Reader Mathew Prairen asks a common question about forcibly opening files with an application on the Mac, and it has a remarkably simple answer:
“I have a few documents and files from my PC that Pages refuses to open, is there any way I can force Pages to open these files?”
As a matter of fact, yes, you can force any application to attempt to load just about any file in Mac OS X, and the secret is using a keyboard modifier with a drag and drop trick. Let’s walk through how this works to force a file to open in a designated app.
Forcibly Open a File on the Mac with a Key Modifier & Drag Drop
If you want to force open a file like this, you simply hold down the Command+Option keys while dragging the file to force onto the applications icon as stored in the Dock. Ideally, you’ll have launched the application already before trying this.

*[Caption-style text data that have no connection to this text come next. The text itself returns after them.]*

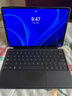 宏碁（acer）非凡GO平板電腦二合一12.6英寸2.5K OLED觸控屏 N150  WIN11系統(tǒng)WIFI6 16G+512G灰色  宏基 曬單實拍圖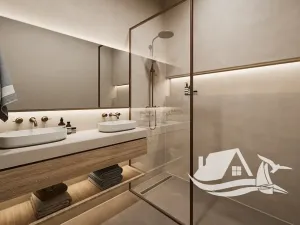 Prodej bytu 3+kk, Plaka, Řecko, 93 m2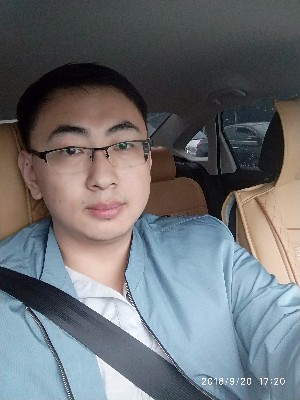 会员871383553的照片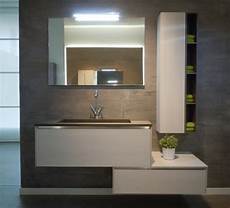 arredo bagno on line outlet arredo bagno on line outlet theedwardgroup co arredo bagno on line outlet arredo bagno on line outlet theedwardgroup co
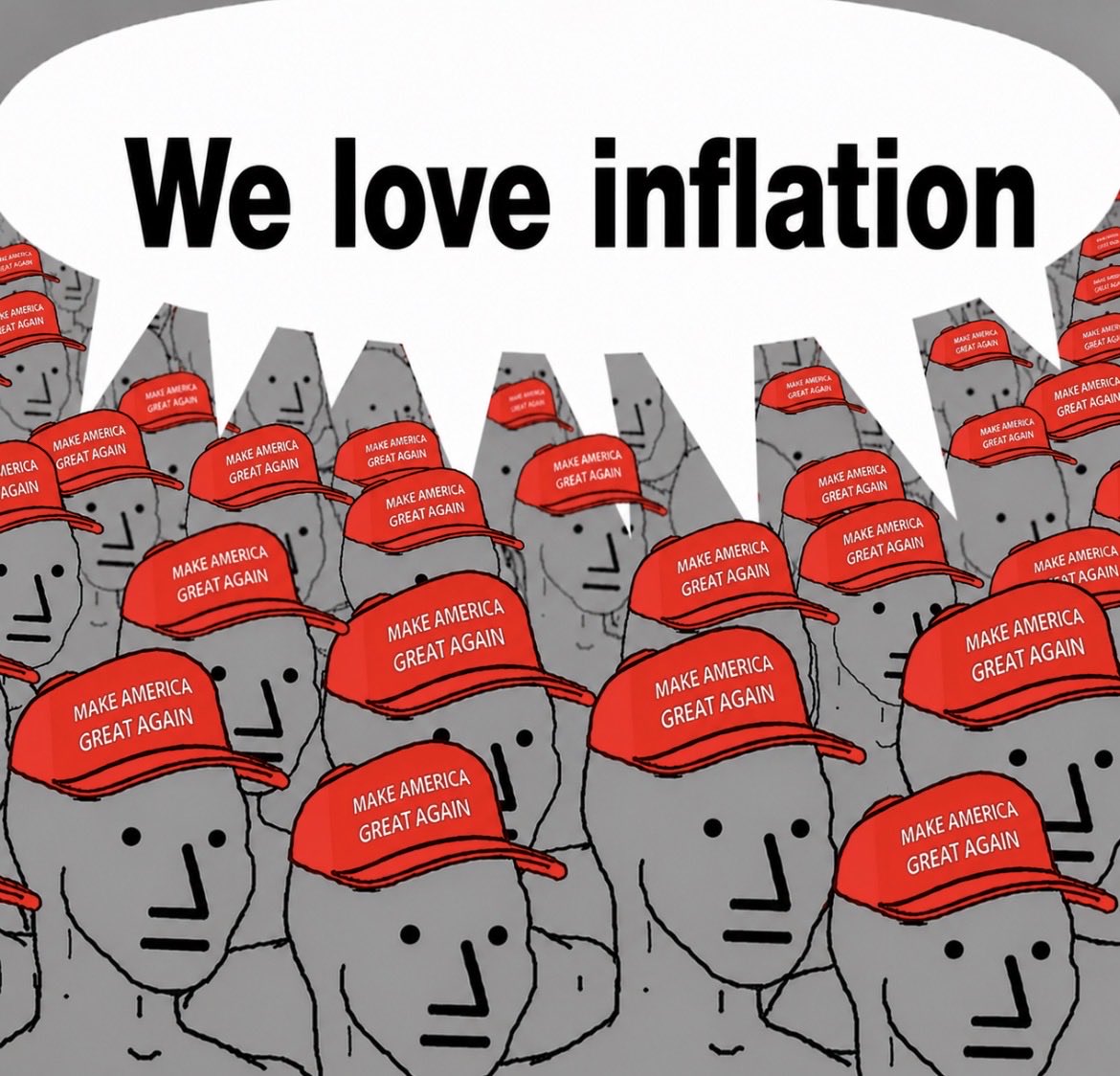Natures2A's tweet photo. @DemocraticWins https://t.co/474OcOfp8b
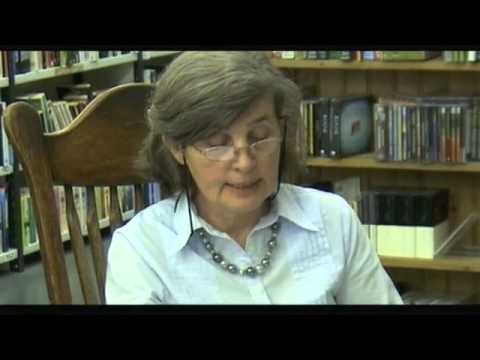 download lagu mp3 mp4 Geraldine Mills, download lagu Geraldine Mills gratis, unduh video klip Geraldine Mills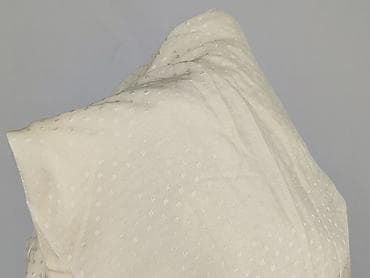 koszula burbery: Wallis, Bluzka damska, rozmiar M — 5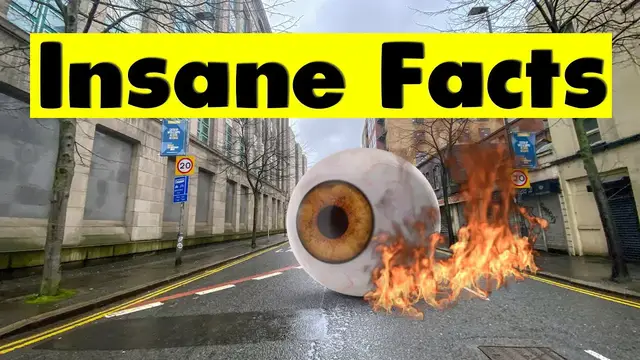 Video thumbnail for Interesting Facts You Never Knew About the US. (1 Mexico)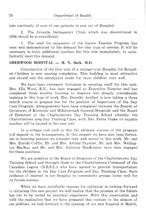 66060_OBJ-Thumbnail Image.jpg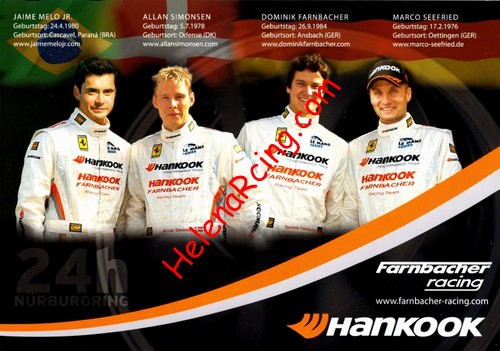 Card 2011 Ring 24 h Verso (NS).jpg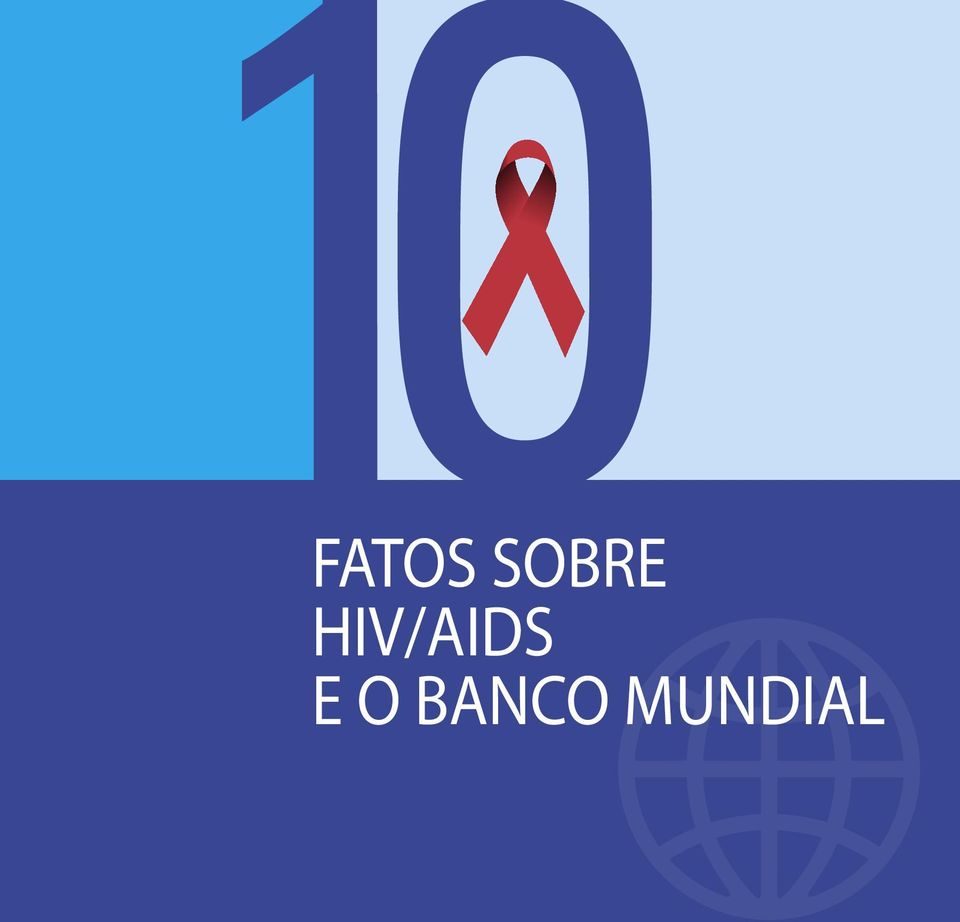 HIV/AIDS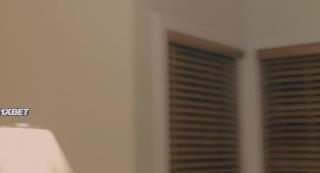 Когда всё потеряно (2020)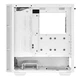 Корпус DeepCool CH560 Digital, Белый - 377232 - изображение 7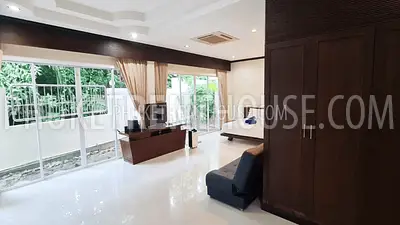 KTH21675: Huge Villa For Rent in Kathu. Photo #28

Whatever the application is will attempt to open whatever the file is. In some situations this will work just fine, forcing many image editors to open other image files generally works, as does text files into text editors, and word and text documents into a general text editor or page application, but attempting to force an image editor to load your perl script probably won’t work – at least in the way you expect it to. Nonetheless, the file will attempt to open in that app. As long as the Command + Option (ALT) keys are held down during the drag and drop sequence, the file will forcibly load in the app you dropped the file onto, whether it’s intended for the app to view the file type or not is another story.
Basically there is no guarantee the program will like the file you are forcing it to open, but the application and Mac OS X will try anyway, and this can lead to some unusual results or the display of nonsensical characters, or even an error message indicating from the application that the file type is invalid. Due to this, if you’re going to attempt to force an application to open a file, try to stick within the general genre of that which the originating file came from.
Updated: 4/5/2016 – this is confirmed to work with all versions of Mac OS X, including Snow Leopard, Mac OS X 10.7 Lion, 10.9, and OS X Mavericks, Yosemite, El Capitan, etc.